Under the assailed IRR, applicants for firearm registration were required to sign a pro forma form stating: “I voluntarily give my consent and authorize the PNP to inspect my firearm/s described above at my residence/address as indicated in my application and, to confiscate or forfeit the same in favor of the government for failure to renew my firearm/s registration within six (6) months before the date of its expiration.”
The SC said the signing of the pro forma “Consent of Voluntary Presentation for Inspection” cannot be considered a valid waiver of the right against unreasonable searches as enshrined under Article III, Section 2 of the 1987 Constitution.
This was because of the failure to provide the scope and extent of the warrantless inspections, making the provision overbroad. The SC noted that the IRR merely provided for a standard of “reasonableness” without any specification.

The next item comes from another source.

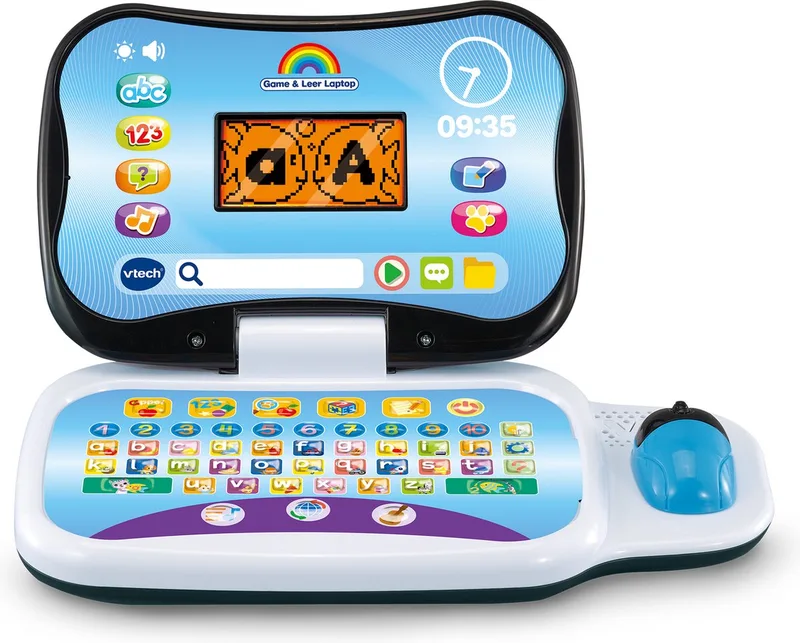 Game & Leer Laptop Leercomputer - Kinderlaptop - Educatief & Interactief Speelgoed - Cadeau - Kinderspeelgoed 3 Jaar van VTech in Blauw – productfoto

It was not satisfied by the amendment in 2018 of the IRR that specified the time for a valid warrantless inspection and required the presence of the licensee or his representative.

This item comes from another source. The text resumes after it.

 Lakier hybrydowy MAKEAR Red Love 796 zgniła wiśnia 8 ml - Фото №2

“The applicant cannot intelligently consent to the warrantless inspection allowed in Republic Act No. 10591 because of the utter lack of parameters on how the inspection shall be conducted,” read the decision penned by Associate Justice Marvic Leonen.
The SC pointed out that there was “no compelling urgency” for such inspections to be done since it was supposed to take place before the license is issued.
This decision made permanent the temporary restraining order (TRO) issued on April 8, 2014 against the requirement.
The SC denied the challenge to the constitutionality of the entire law and the rest of the IRR.
“The bearing of arms in our jurisdiction was, and still is, a mere statutory privilege, heavily regulated by the State,” read the decision.
Even the right to self-defense through the use of firearms, under the Revised Penal Code, is subject to the condition that it be exercised by “qualified citizens.”
The SC said the PNP’s then-suspension of the issuance of permits to carry firearms outside of residence was a valid police measure, since it was in response to the rise in high-profile crimes.
It found reasonable the limitation of private gun ownership to small arms. “The State balanced its interests to, on the one hand, keep violence at a minimum, and on the other, grant the right of the people to self-defense,” it read.
Of course, law enforcers were allowed to carry Class-A light weapons—”self-loading, entirely ccapable of inflicting multiple injuries on others”—because of their duties to supposedly maintain peace and order and protect the public.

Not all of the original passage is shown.